Nate Silver at FiveThirtyEight provides his usual excellent analysis of the Republican field for the 2012 presidential primaries.
His finds there are four front-runners who appeal strongly to large and distinct segments of the Republican coalition: Romney to the establishment and fiscal conservatives; Palin to the Tea Party movement; Huckabee to religious conservatives. Gingrich is an exception who probably overlaps with Palin's support somewhat.
Mr. Silver's thesis is that this strong field of well-known and well-organized candidates is likely to smother any dark horse candidates from breaking out.
His thinking is that if one of these candidates to falter, it would be one of the other front-runners who would scoop up their supporters, rather than a back-of-the-pack candidate.
What I find intuitive about his analysis is that all four candidates have solid biographies on which to run. They are exciting figures who will motivate a segment of base Republicans to strongly back their candidacy.
Unlike Canadian leadership conventions, where delegates leave their first choice to move to a second choice over the course of several ballots, primaries are contests where winning candidates are those who can strongly motivate a plurality of their party's base.
The delegated leadership convention system currently used by the Liberal Party of Canada and Ontario Liberal Party is biased heavily against polarizing figures. In the past, it has only picked the front-runner when that person has a majority or near majority of support on the first ballot (Jean Chrétien in 1990 or Paul Martin in 2003). Typically, candidates who have a plurality of support on the first ballot are defeated by a blander consensus choice (Stéphane Dion defeating Michael Ignatieff in 2006, Dalton McGuinty besting Gerard Kennedy in 1996, or Lyn McLeod overtaking Murray Elston in 1992).
U.S. primaries are the opposite.
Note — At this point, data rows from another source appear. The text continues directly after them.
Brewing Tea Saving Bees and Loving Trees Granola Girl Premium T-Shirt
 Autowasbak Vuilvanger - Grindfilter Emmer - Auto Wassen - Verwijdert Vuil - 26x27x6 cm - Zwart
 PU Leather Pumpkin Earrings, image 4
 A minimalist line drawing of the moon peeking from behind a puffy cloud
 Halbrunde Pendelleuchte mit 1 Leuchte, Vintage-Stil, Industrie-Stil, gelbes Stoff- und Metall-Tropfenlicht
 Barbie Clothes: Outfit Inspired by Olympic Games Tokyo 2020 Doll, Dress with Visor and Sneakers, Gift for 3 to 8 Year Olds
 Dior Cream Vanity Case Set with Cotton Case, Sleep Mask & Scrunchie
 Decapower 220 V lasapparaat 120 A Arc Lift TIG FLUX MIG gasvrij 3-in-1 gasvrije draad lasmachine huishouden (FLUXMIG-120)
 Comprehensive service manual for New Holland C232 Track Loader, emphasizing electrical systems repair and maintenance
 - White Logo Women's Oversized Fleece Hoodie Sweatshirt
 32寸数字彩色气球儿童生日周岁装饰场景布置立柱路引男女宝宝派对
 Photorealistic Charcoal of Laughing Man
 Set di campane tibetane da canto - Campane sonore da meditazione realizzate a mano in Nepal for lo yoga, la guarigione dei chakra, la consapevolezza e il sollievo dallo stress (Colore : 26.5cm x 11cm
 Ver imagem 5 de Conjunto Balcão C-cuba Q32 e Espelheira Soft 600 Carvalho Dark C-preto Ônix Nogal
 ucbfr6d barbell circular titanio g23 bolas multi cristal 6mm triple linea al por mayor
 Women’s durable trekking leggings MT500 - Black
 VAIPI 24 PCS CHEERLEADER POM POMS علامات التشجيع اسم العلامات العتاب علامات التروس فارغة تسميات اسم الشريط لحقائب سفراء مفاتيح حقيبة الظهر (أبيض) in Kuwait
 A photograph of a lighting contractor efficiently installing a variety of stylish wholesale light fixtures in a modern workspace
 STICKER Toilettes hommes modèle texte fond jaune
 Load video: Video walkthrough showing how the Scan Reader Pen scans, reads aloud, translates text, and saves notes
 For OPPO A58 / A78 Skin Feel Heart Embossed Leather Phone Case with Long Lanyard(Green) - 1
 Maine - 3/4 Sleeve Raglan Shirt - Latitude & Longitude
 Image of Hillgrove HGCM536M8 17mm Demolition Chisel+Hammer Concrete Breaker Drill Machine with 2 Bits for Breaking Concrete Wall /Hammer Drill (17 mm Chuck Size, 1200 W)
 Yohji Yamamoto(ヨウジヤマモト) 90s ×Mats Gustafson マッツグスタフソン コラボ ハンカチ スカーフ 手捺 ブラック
The most critical factor is early momentum, and that only comes with a biography that is interesting, compelling and attractive to a large segment of the potential party base.
Barack Obama is the most obvious example of this but recent primaries are filled with biographically driven candidates.
John Kerry's "three Purple Hearts" was a compelling biographical detail that attracted Democrat who wanted the candidate most likely to beat George W. Bush at a time when the United States was engaged in two wars. It was able to beat the heavily favoured Dick Gephardt (with his bland biography) in Iowa, along with the biography-fueled campaigns of Howard Dean and John Edwards.
Jimmy Carter's outsider status and Christianity differentiated him from the Democratic field in 1976 and delivered him the largest single block of voters, primarily rural and Southern.
Ronald Reagan's winning biography was almost enough to topple a sitting president in the 1976 Republican primaries.
Biography is often the critical factor in presidential primaries, but - even with the strong biographies of the Republican field - none of them appear up to defeating President Obama on biography.
I've written recently about PollyBio and the importance of biography in picking presidential winners. PollyBio appears to be the most effective method of picking presidential election winners, having a higher success rate than election day polls, prediction markets or econometric models.
The authors of the PollyBio system have analyzed three of the four Republican front-runners and found they score significantly lower than President Obama.
Mitt Romney, Sarah Palin and Mike Huckabee all fall significantly shorter than President Obama on the points that make up a winning Presidential biography.
(I would estimate that Newt Gingrich would score lower as well, given a brief check of his biography, but I leave it to the academics to ensure that is true.)
The surprising thing is that the Republican field may be locked into a losing position, clogged by a large field of flawed champions who lack the biography to defeat the incumbent President.
Despite Mr. Silver's logical argument that the field is crowded with well-known candidates, it's not impossible that a galvanizing candidate with a truly superb biography could shake up the scene. This is particularly likely if polls in early 2012 show no single Republican able to best the incumbent. In that case, there may be room for an "outside-politics" candidate to seize the public imagination, something Wesley Clark tried to do in 2004.